Breathing in, Breathing Out

Thanks to Evan Brown, Earthroots wise man that I adore, we found ourselves at Deer Park Monastery in Escondido, CA last week for their annual family camp. I was astounded to find a community (led by the beautiful Thich Nhat Hanh) whose core values expressed in the Five Mindfulness trainings, essentially match my own.

Tucked away into the hillside, gorgeous bells were rung periodically calling everyone to stop whatever they were doing…mid stride, mid sentence…and return to their breath, to their self.  Imagine…everyone, just stopping!  My children surprisingly, fully embraced this, falling easily into this rhythm, so that even Sabi (age 2) started policing it, hilariously exclaiming, “Mommy the bell rang and he is still walking!!”

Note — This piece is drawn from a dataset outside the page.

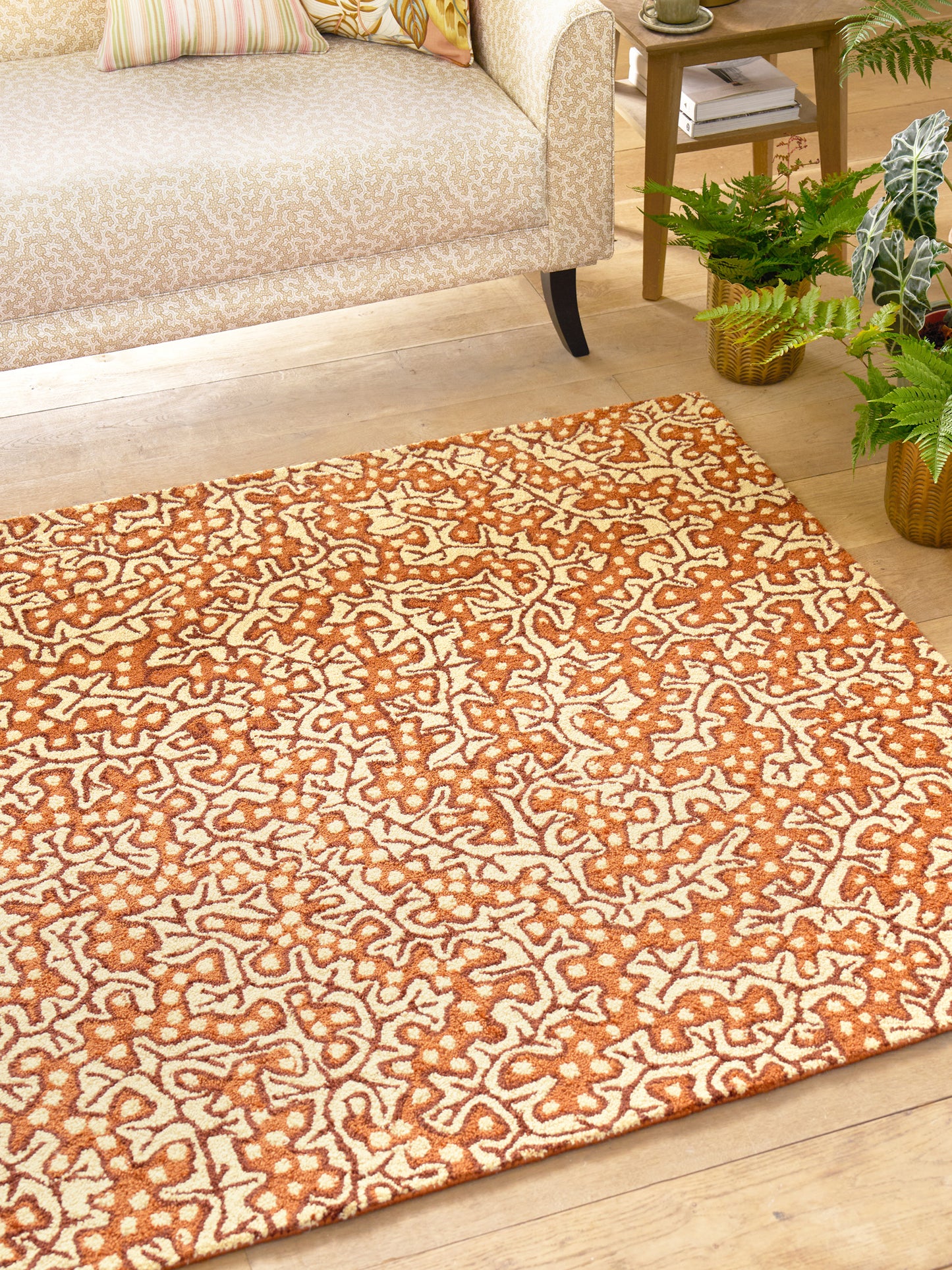 Buitenkleed Sanderson Truffle Sandstone 446003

We ate in relative silence, as much as could be expected with three young ones, chewing our food thoroughly and mindfully.  We sang songs with beautiful lyrics calling us back to the present moment “Happiness is Here and Now, I have dropped my worries…” We walked and sat in meditation, “enjoying our breath” and feeling ourselves grounded in the earth, in the moment.

I marveled at how everything we were doing were the very same things that I have been recommending to traumatized clients and overstressed mothers. Here was an environment that was holding this healing space…reminding us that breathing in, breathing out, feeling ourselves supported by the earth in that moment, is the simple yet profound path back to all that is whole in us.  Especially if you know how to use this quiet moment of breathing to return to your soul with love.

On our way home, we dreamt up ways to continue this sweet feeling of peace and connection.  I asked my family to ring the bell for me if they saw me losing my patience…and we all agreed to ring it periodically to remind us to tune back into our ‘little child/soul.” We also vowed to continue eating and consuming mindfully because it just feels good.

The next few days have been filled with many gleeful gongs on our singing bowl given to me by a dear friend.  We’ve managed about 3 minutes of silence at meals, but it sets the tone and that is enough to get us into a mindful eating groove.  When Sabi is even just eating a random snack he will yell at us, “Guys stop talking!!” When sibling squabbles have risen, the bell is a playful, neutral reminder of the peace we all know we can return to. And every gong, or series of gongs when someone gets carried away and wants to play a tune, creates that pause of reconnection that is so crucial in every day life.

Mindfulness is a bit more raucous here than at the peaceful monastery…and I’m still smiling.  My best teachers, these wise souls I’m privileged to share life with, are even better when given the right tools :)

Thank you Thich Nhat Hanh, Evan and all those at Deer Park!